This is Beijing’s response to Washington’s decision to ramp up its tariffs on Chinese goods to 145%, worsening an already tense situation. 

The new measures increase the chasm between the two global superpowers, raising serious worries about the stability of international trade and global supply chains.

China’s Finance Ministry wasted no time in denouncing the United States’ actions. In an official statement, they lambasted Washington’s tariff hikes, accusing them of violating international trade rules and “common sense”. 

The U.S. imposition of abnormally high tariffs on China seriously violates international and economic trade rules, basic economic laws and common sense and is completely unilateral bullying and coercion,” the ministry stated.

The escalation comes on the heels of Washington’s decision to impose higher tariffs on Chinese imports, further impacting relations. With the White House’s relentless pressure, Beijing has responded with sharp measures, raising tariffs on U.S. goods to 125%, up from an earlier 84%

This is a direct consequence of President Donald Trump’s executive order, which increased the duties on Chinese imports.

While the United States has confirmed its tariffs now stand at 145%, China’s response has been equally firm, leaving little room for diplomatic reconciliation. 

In a pointed message, China’s Finance Ministry added that the U.S. tariffs have created a scenario where “there is no longer a market for U.S. goods imported into China.” They went on to express their intent to continue pushing back with further measures, if necessary, to protect their economic interests.

Zhiwei Zhang, president and chief economist at Pinpoint Asset Management, commented that the current standoff signals an end to the escalation of tariff rates.
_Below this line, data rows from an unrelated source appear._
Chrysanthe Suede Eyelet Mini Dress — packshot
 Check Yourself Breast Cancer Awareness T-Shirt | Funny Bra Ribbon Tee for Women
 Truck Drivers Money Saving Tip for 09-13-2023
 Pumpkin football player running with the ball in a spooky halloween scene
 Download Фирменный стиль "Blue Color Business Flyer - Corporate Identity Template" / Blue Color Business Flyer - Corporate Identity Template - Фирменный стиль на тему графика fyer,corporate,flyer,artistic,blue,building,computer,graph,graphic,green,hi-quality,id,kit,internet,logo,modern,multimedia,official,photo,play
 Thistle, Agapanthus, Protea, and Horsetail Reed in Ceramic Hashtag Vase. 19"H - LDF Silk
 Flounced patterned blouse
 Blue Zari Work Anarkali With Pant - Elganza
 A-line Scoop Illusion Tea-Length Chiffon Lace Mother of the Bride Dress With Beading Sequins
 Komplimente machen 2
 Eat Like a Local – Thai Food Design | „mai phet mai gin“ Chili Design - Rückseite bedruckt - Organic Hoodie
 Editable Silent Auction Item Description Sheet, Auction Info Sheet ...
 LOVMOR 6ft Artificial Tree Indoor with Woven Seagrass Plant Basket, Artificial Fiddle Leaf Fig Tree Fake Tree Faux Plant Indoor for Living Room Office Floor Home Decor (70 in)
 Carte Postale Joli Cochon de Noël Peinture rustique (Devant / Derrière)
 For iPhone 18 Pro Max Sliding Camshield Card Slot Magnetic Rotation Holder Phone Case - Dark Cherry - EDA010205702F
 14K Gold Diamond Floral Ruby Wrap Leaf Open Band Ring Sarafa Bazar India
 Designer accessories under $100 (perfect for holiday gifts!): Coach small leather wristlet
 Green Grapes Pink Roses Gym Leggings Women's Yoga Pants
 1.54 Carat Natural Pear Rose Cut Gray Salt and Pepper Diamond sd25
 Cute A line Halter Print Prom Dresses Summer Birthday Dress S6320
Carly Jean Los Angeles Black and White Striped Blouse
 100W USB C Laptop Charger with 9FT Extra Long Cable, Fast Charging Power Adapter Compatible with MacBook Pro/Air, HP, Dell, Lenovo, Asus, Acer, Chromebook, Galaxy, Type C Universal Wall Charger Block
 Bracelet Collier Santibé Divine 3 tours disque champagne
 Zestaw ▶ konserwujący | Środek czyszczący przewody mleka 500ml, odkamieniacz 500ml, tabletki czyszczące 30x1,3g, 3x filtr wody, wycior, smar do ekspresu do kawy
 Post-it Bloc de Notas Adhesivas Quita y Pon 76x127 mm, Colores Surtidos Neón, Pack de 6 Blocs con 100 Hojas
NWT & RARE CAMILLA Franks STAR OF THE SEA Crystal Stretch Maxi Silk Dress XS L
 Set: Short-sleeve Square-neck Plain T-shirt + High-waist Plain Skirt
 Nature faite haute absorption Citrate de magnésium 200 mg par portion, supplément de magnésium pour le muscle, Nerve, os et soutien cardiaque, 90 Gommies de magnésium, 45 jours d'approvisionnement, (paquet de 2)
According to him, the next logical step would be an assessment of the economic damage inflicted on both the U.S. and Chinese economies, though there’s little indication that negotiations are forthcoming. 

Zhang suggested that the real fallout from these trade tensions may be felt in the disruption of global supply chains, which could have long-lasting consequences.

Despite the confrontations, China has refrained from expanding its export control measures, choosing instead to maintain a level of restraint that could leave the door open for future talks. However, the Chinese government has been clear in its stand: if the U.S. continues to press on with tariffs, China will “resolutely counter-attack and fight to the end.”

On the other side of the issue, U.S. Treasury Secretary Scott Bessent has dismissed China’s position, claiming that Beijing’s reluctance to negotiate is a mistake. “It’s unfortunate that the Chinese actually don’t want to come and negotiate, because they are the worst offenders in the international trading system,” Bessent said, adding that the U.S. has long borne the brunt of China’s economic imbalances.

The economic toll on both nations is beginning to show. Goldman Sachs recently downgraded its forecast for China’s GDP, pointing to the impact of trade tensions and slower global growth. 

Though U.S. exports to China account for a small portion of its GDP, the indirect effects of the trade war are being felt, particularly in employment. Around 10 to 20 million Chinese workers are directly involved in industries dependent on exports to the U.S.

Meanwhile, in a meeting with Spanish Prime Minister Pedro Sánchez, Chinese President Xi Jinping made a pointed comment, acknowledging the harm caused by the escalating tariff war. “There is no winner in a tariff war, and going against the world will only isolate itself,” Xi said, stressing the global ramifications of the ongoing conflict.

While some may have hoped for a shift in strategy, it seems that both Beijing and Washington are committed to their respective courses.

With the U.S. market issues, with the S&P 500 in bear territory and oil prices plummeting, the pressure climbs on businesses and consumers who are now caught in the crossfire of this trade war.